__Required work__. Leaving out the pictures, please retype each record exactly.

__The data__.
========================================================================

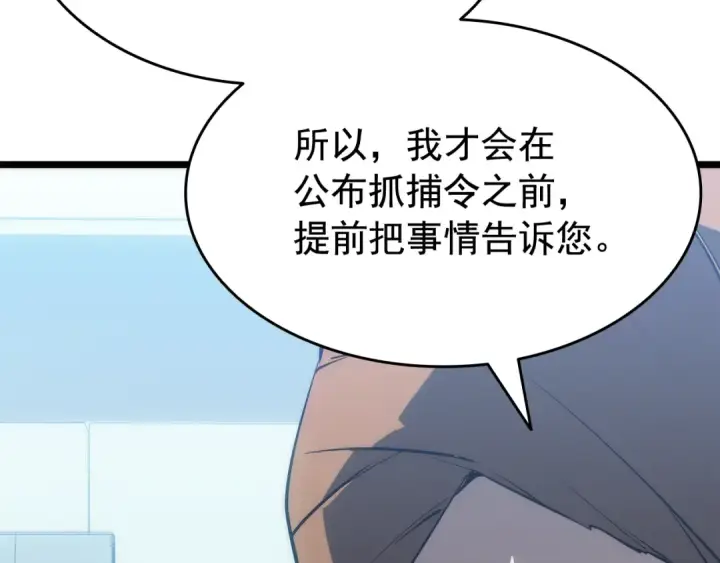 《我独自升级》第141话 全球会议图11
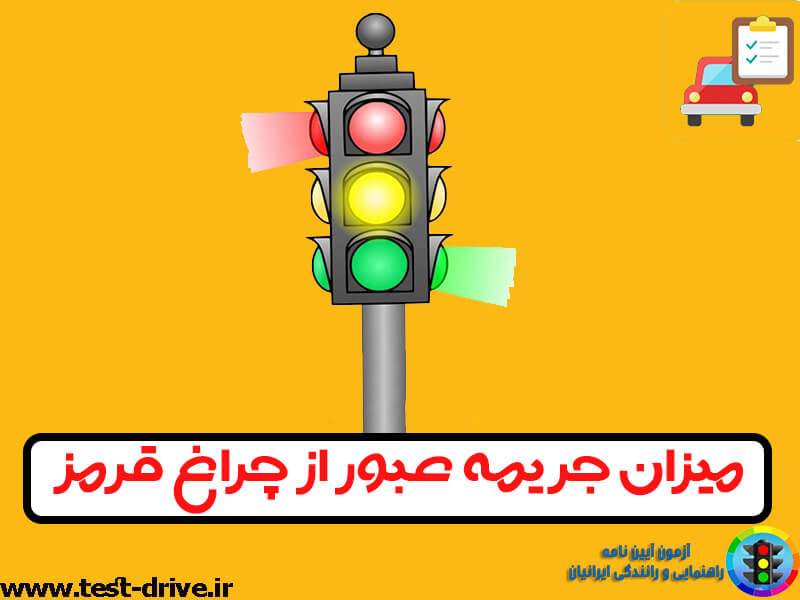 جریمه عبور از چراغ قرمز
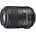 Nikon AF-S 85mm f/3.5G ED VR DX Micro (JAA637DA)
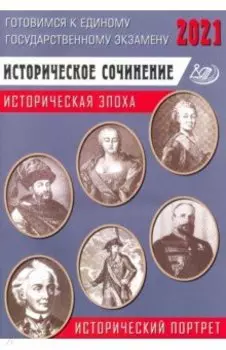 ЕГЭ-2021 Историческое сочинение. Историческая эпоха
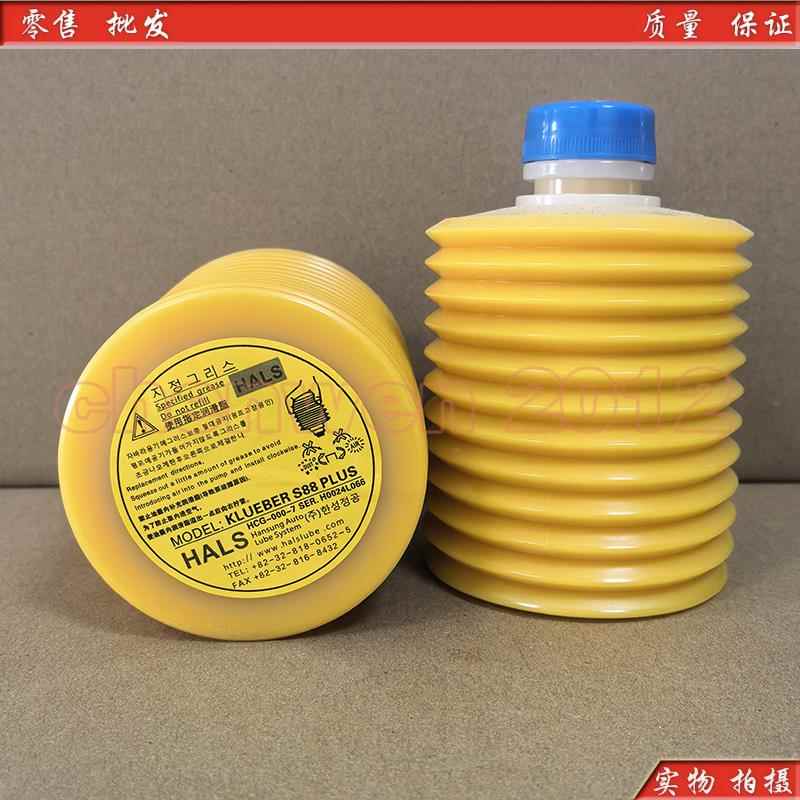 韩国斗山机床HALS迪恩HALS KLUEBER S88 PLUS CNC导轨保养润滑脂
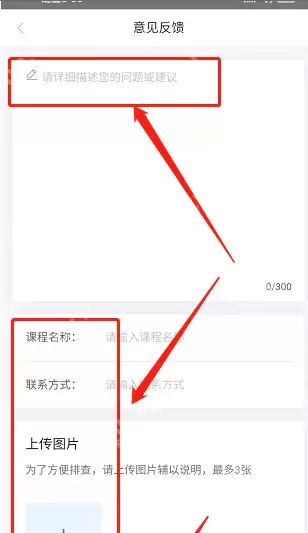 学起plus如何提交意见反馈？学起plus提交意见反馈的操作流程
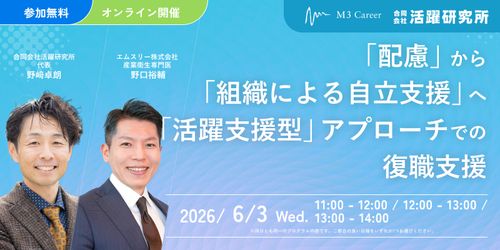 〈配慮〉から〈組織による自立支援〉へ 「活躍支援型」アプローチでの復職支援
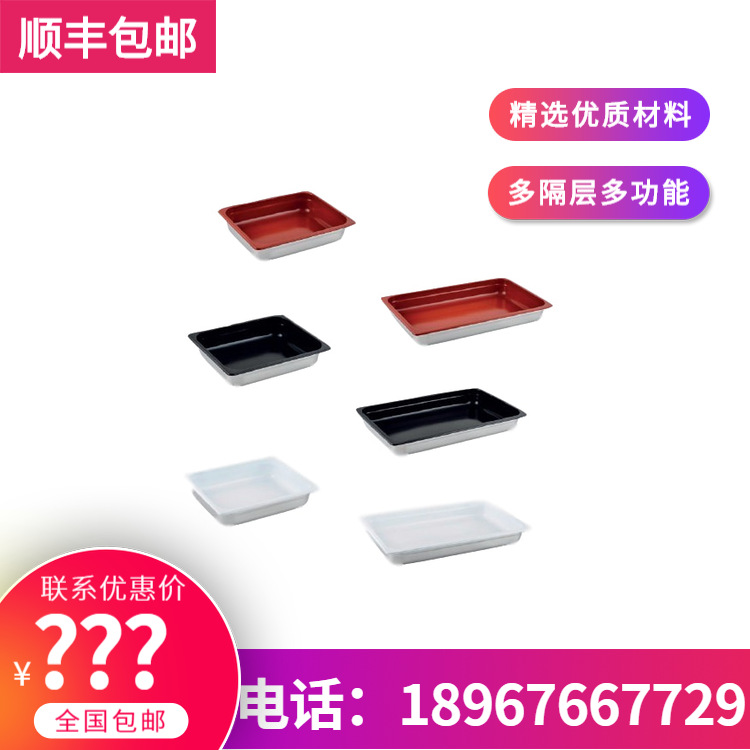 KINGO���󾫹� ��ɫ������ϵ�� ������¯�豸����¯ ����ֱ���ؼ�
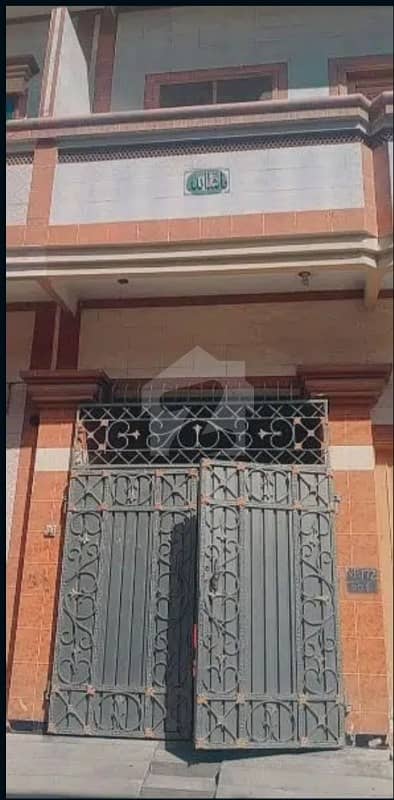 2.5 Marla Beautiful Double Story House Available For Sale In Muhammad Nagar Sitana Road.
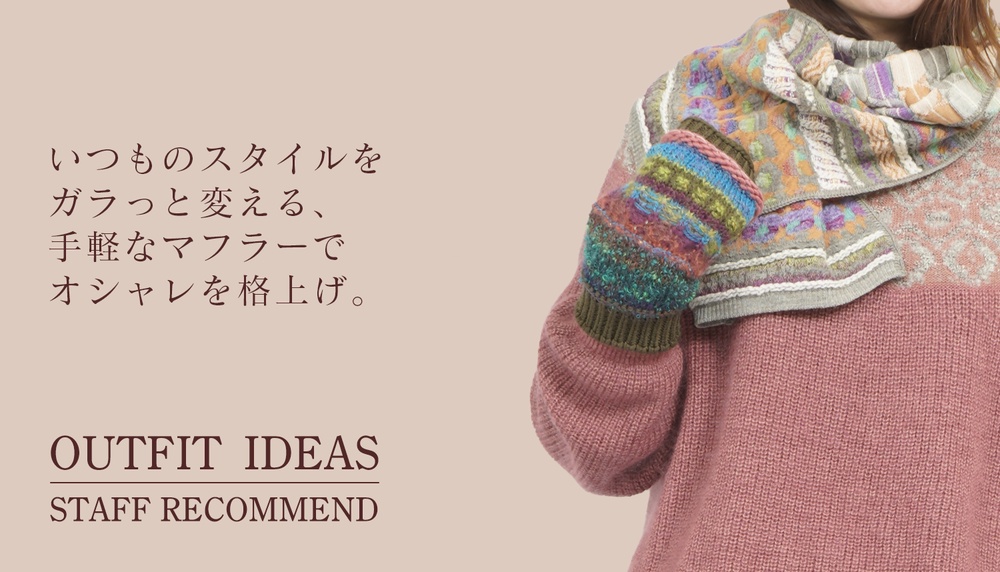 いつものスタイルをガラッと変える<マフラー>は冬のマストアイテム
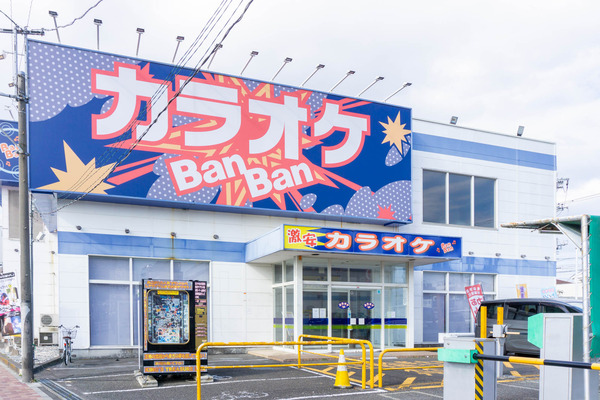 名称未設定-202203021-やまとぴ記事用-2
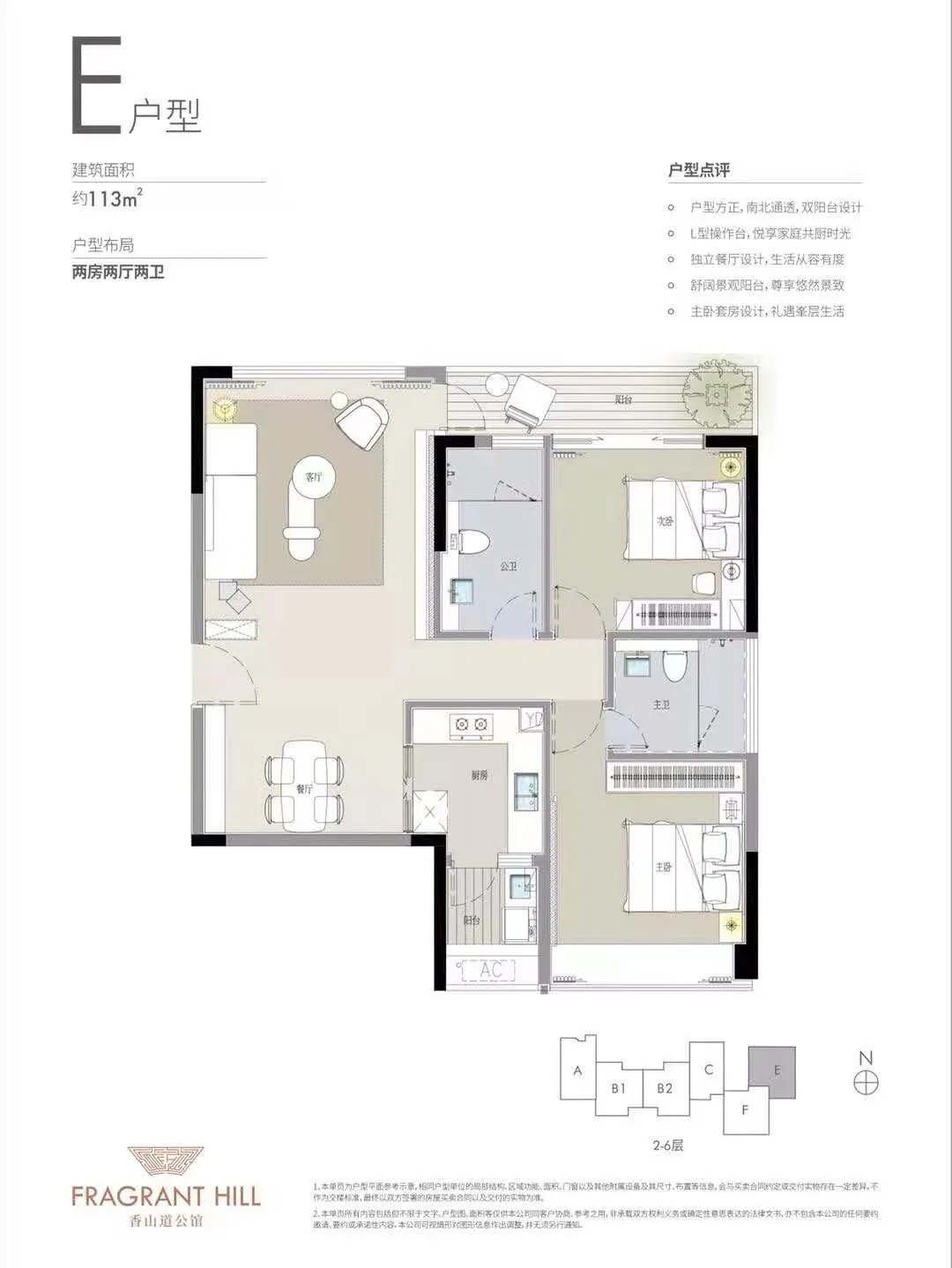 香山道公馆2室2厅2卫113㎡户型图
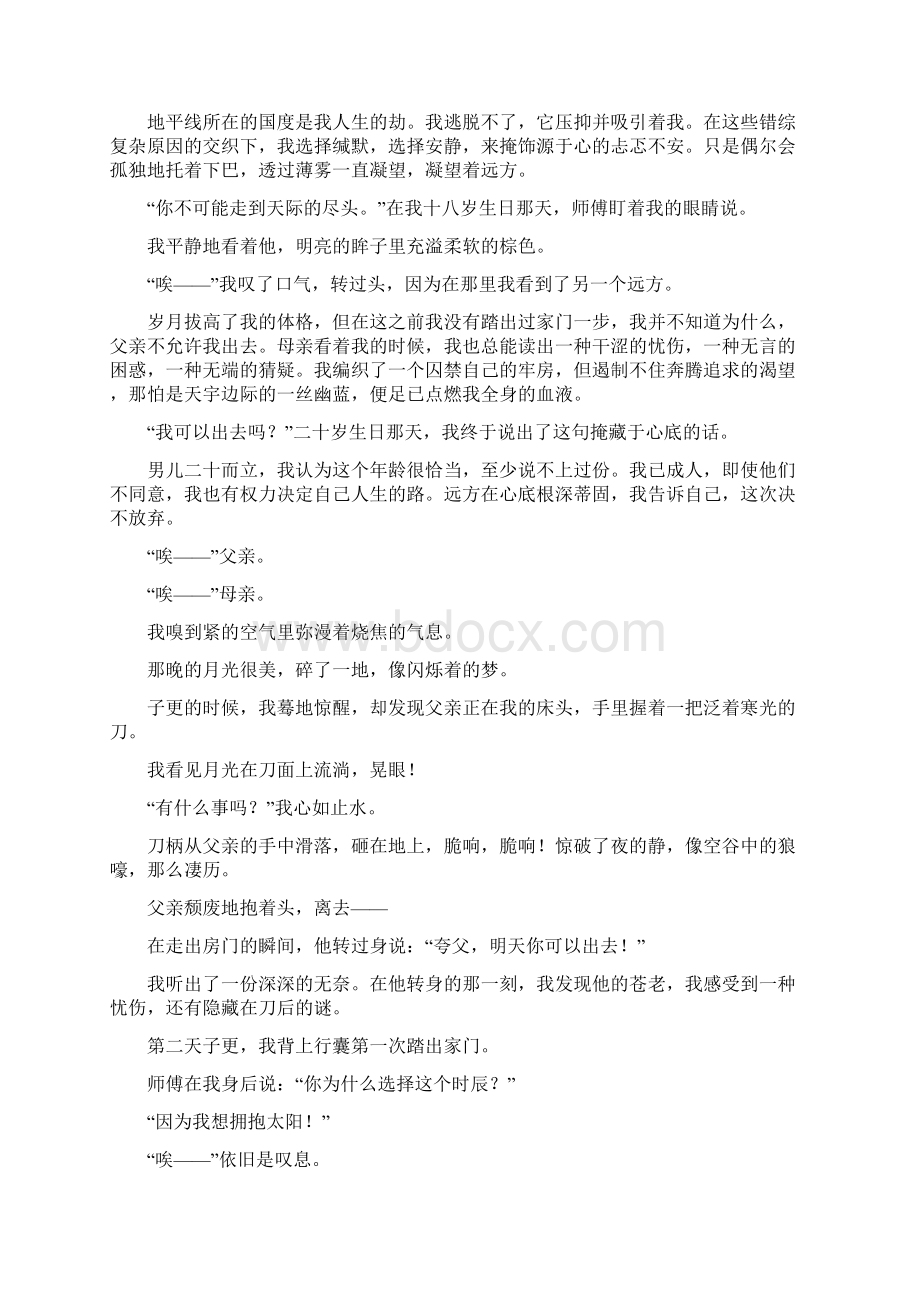 以远方为题目作文5篇Word格式文档下载.docx_第3页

========================================================================

__Response for this exercise__.
 《我独自升级》第141话 全球会议图11
 جریمه عبور از چراغ قرمز
 Nikon AF-S 85mm f/3.5G ED VR DX Micro (JAA637DA)
 ЕГЭ-2021 Историческое сочинение. Историческая эпоха
 韩国斗山机床HALS迪恩HALS KLUEBER S88 PLUS CNC导轨保养润滑脂
 学起plus如何提交意见反馈？学起plus提交意见反馈的操作流程
 〈配慮〉から〈組織による自立支援〉へ 「活躍支援型」アプローチでの復職支援
 KINGO���󾫹� ��ɫ������ϵ�� ������¯�豸����¯ ����ֱ���ؼ�
 2.5 Marla Beautiful Double Story House Available For Sale In Muhammad Nagar Sitana Road.
 いつものスタイルをガラッと変える<マフラー>は冬のマストアイテム
 名称未設定-202203021-やまとぴ記事用-2
 香山道公馆2室2厅2卫113㎡户型图
 以远方为题目作文5篇Word格式文档下载.docx_第3页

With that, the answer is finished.